Glen Galinda said regardless of color on the outside, everyone needs blood on the inside to survive.
Galinda, executive director of the Migrant Students Foundation, used this idea to start the Cesar Chavez Blood Drive competition.
Next week, as part of Farmworker Awareness Week, the University of Idaho College Assistant Migrant Program will host the Chavez Blood Drive competition starting at 11:30 a.m. Tuesday in the Teaching and Learning Center foyer.
Galinda, a UI graduate, began the blood drive in 2009 through the Lewis Clark State College CAMP as a way to introduce incoming CAMP students to their new communities, as well as to have a positive impact.
“It was a process through which students who were participating became aware of health issues and health education,” Galinda said. “Students who were going to go into health and science had a platform by which to engage the community and promote health and science careers and education.”
In 2010, Galinda and other CAMP grant leaders decided to make the blood drive competition an annual event and open it up to the rest of the country — not just schools with CAMP grant students.
For the competition CAMP students work to plan the drives on their campus and collect as much blood as possible as well as increase the donor pool.
“The key is how many of the donors were first time donors, and that’s how they can tell how much of an impact they had on bringing new donors into the donor pool and how many of the donors self-identified as Hispanic and Latino,” Galinda said.
He said the demographic with the fewest number of donors is the Hispanic and Latino community, and the students are working to change that.
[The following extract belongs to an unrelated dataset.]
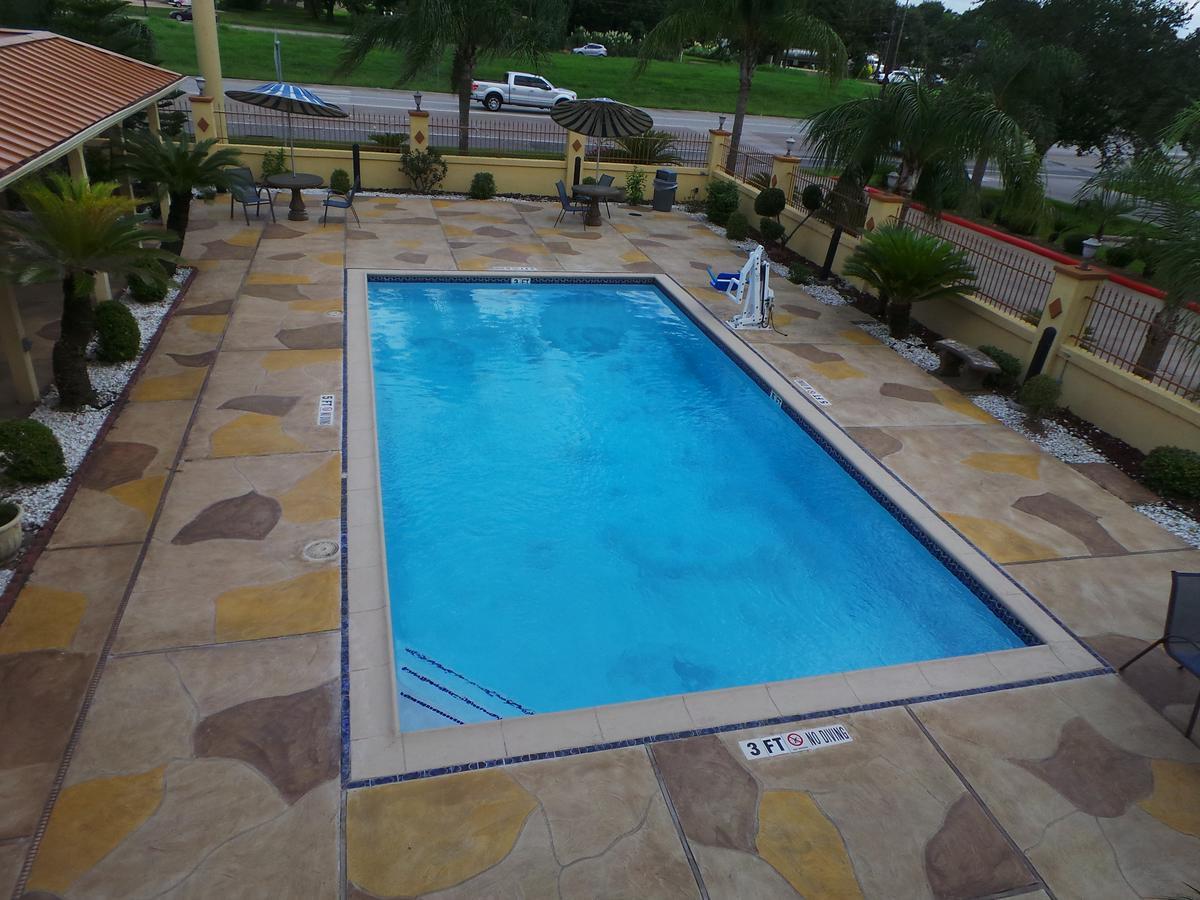 Americas Best Value Inn & Suites-Alvin/Houston Exterior foto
“The problem that they’re tackling in this service learning donor base is that the Hispanic community is the least participating donor base in the country, but ironically we know up to 75 percent are Type O, which is the type of blood that most people can use,” Galinda said.
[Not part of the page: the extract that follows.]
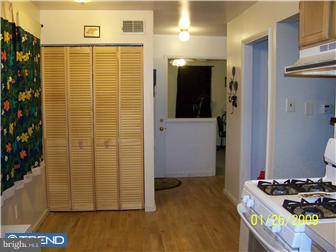 1 Kings Road Sicklerville, NJ 08081 - Photo 2 of 12 Kitchen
The competition includes categories for CAMP participants and non-CAMP participants and requires groups to keep track of how many pints are collected to determine the winners in each category.
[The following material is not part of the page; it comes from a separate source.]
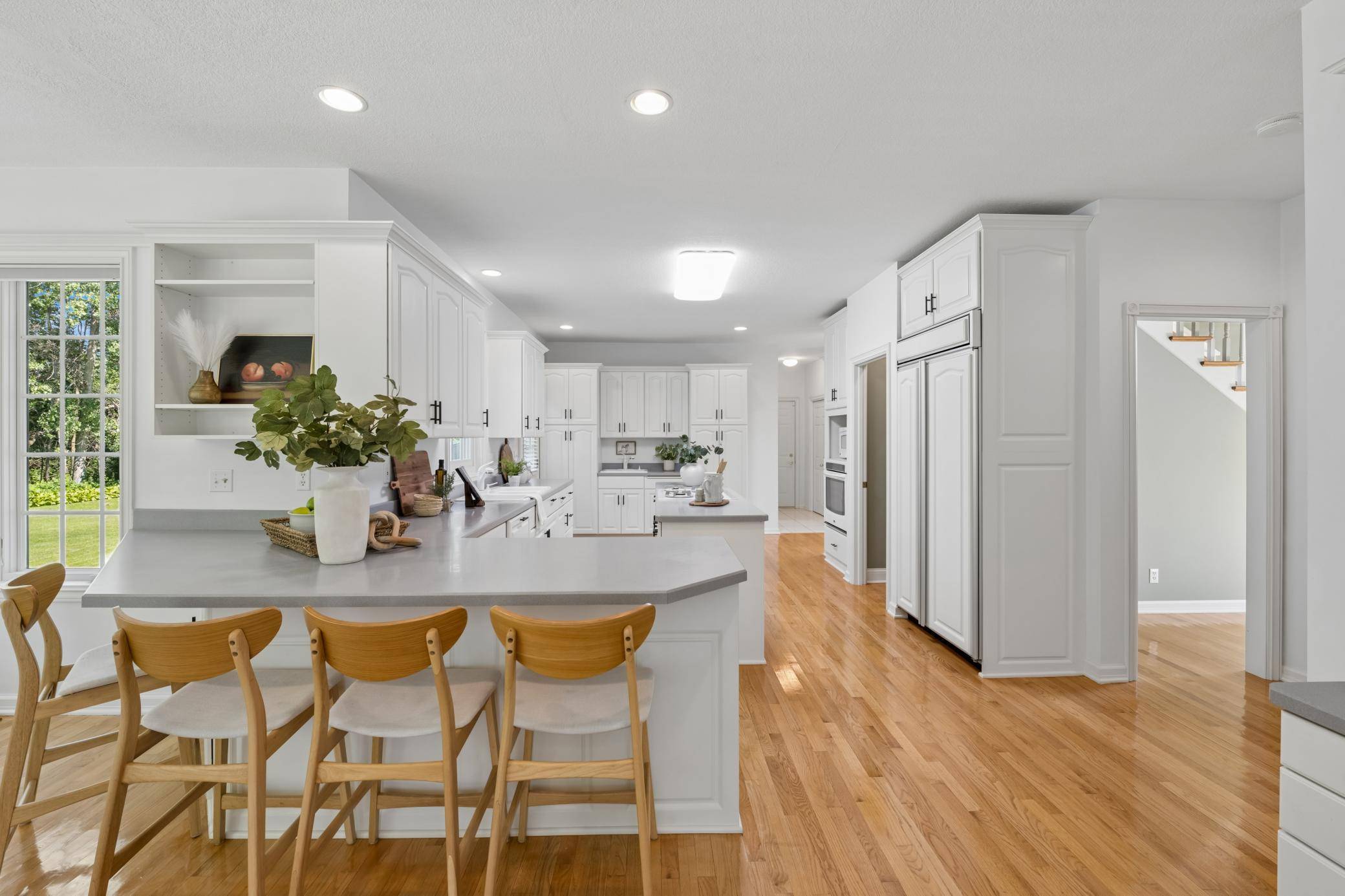 1015 W Cove LN, Minnetrista, MN 55364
Galinda said in 2010, there were only 113 participants. This year they are expecting 300 schools across the nation with more than 40,000 students engaged in the competition.
This year the drive will also incorporate bone marrow registry, and in the future they are hoping to expand to providing mobile mammograms and diabetes testing.
When Galinda first decided to start the blood drive competition, he was looking for a way to bring new students together and include people from all walks of life and he felt a blood drive is something that relates to everybody.
“It was something that everyone could relate to and we wanted the students to engage in something that everyone in the community they had moved to could relate to,” Galinda said.
At UI, the drive is a part of the 14th annual Farmworker Awareness week — a week to raise awareness about farmworker issues and conditions and honor the contributions made by farmworkers. There will be several events throughout the week sponsored by UI CAMP.
The documentary “Agricultural Workers in Idaho,” filmed by UI students, will play at 6 p.m. Tuesday at the Kenworthy as part of the week’s celebrations.
In addition, Marc Grossman, director of communications for the Cesar Chaves Foundation will speak about working directly with Chavez and human rights activist Dolores Huerta. The presentation will take place at 7 p.m. Thursday in the Administration Auditorium.
Galinda said he is excited that the drive has expanded across the nation and is still having a positive impact in communities around the country.
“We’re very proud as former CAMP students that all the CAMP grants are engaged in leading a campus wide event,” Galinda said. “It’s a wonderful opportunity for those students and a wonderful campus wide event.”